Problem details:
Exactly the lines below from the line with "Derwent Paxck of" through the line with "GORRO CONO AZUL GOLD STAR 1PC - yupiparty" must make up the answer, both ends included and pictures left out.

Entries shown:
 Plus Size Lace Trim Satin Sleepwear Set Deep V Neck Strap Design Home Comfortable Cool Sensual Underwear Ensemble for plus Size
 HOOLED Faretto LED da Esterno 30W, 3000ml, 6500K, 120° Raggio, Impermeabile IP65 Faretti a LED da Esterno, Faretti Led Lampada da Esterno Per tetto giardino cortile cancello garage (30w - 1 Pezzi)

* * *

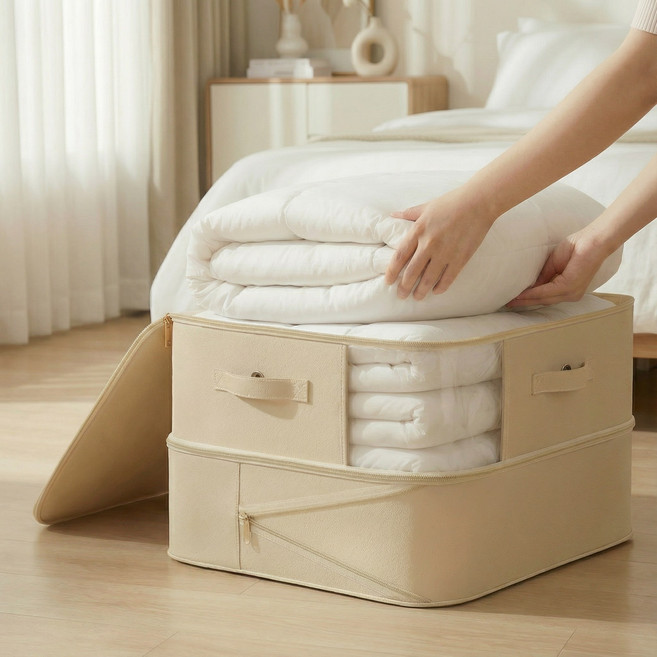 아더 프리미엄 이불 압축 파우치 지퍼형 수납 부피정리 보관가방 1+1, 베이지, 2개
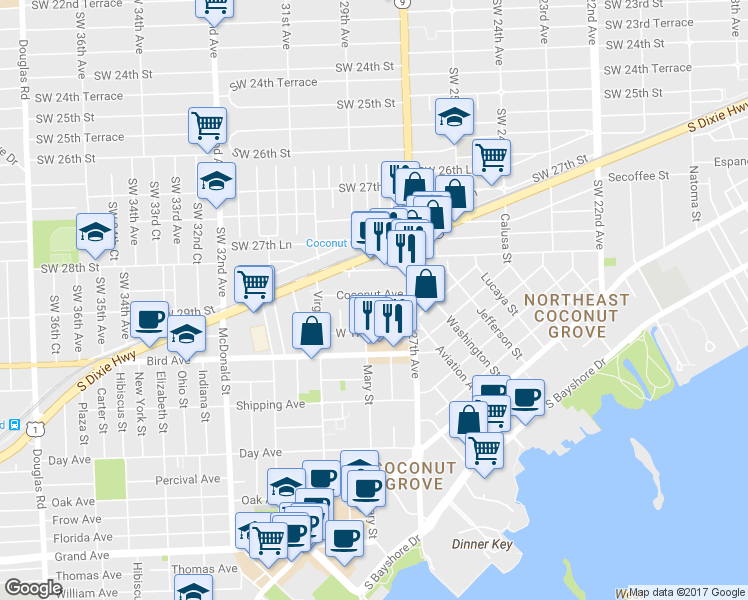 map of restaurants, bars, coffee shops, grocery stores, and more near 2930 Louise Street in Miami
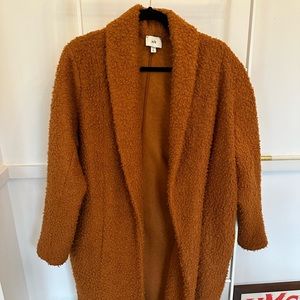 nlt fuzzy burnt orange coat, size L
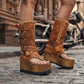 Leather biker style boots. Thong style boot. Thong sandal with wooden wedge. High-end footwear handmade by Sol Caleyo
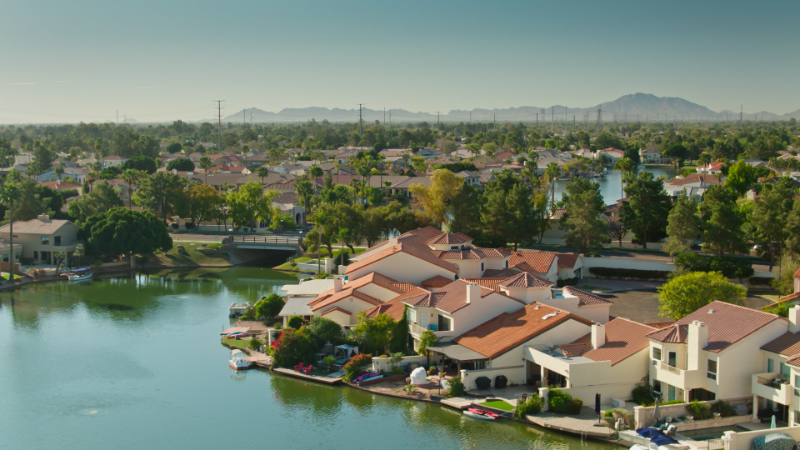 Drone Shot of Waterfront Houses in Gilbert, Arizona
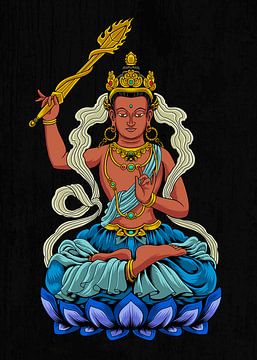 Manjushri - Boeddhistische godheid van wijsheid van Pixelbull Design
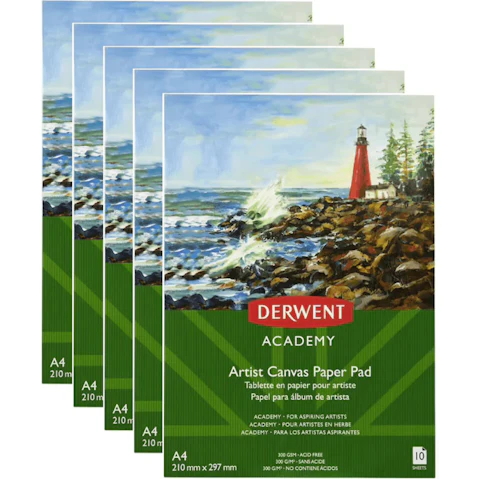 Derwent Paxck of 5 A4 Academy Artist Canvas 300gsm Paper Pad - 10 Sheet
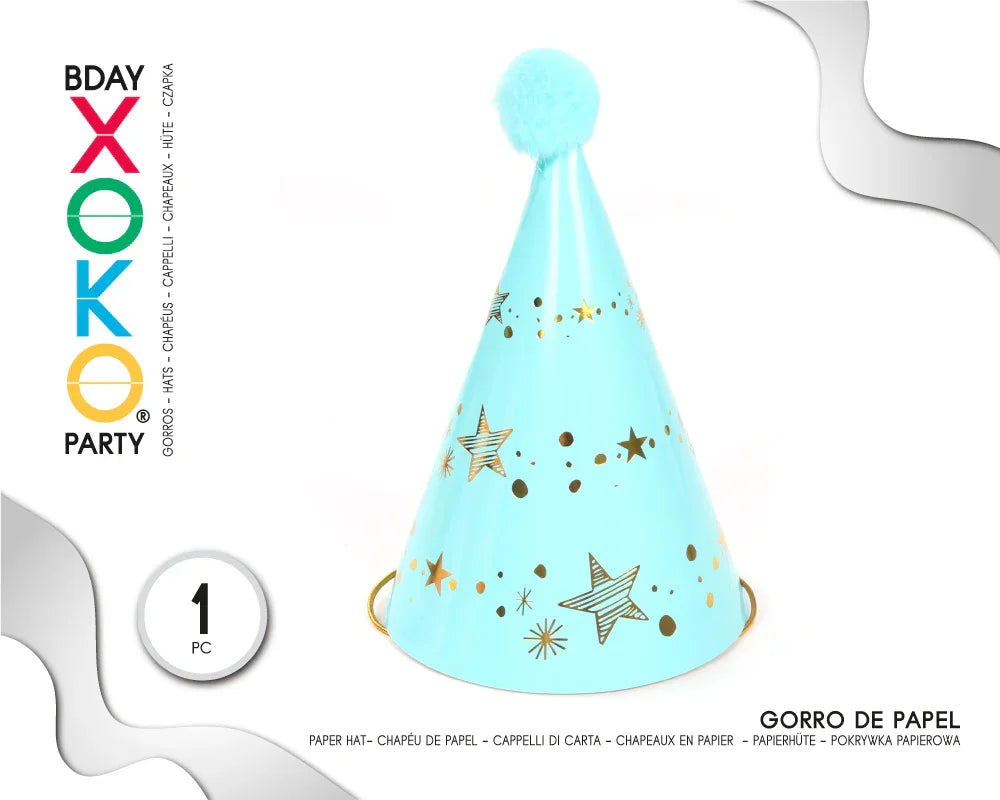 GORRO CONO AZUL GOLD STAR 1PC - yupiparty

Written response:
 Derwent Paxck of 5 A4 Academy Artist Canvas 300gsm Paper Pad - 10 Sheet
 GORRO CONO AZUL GOLD STAR 1PC - yupiparty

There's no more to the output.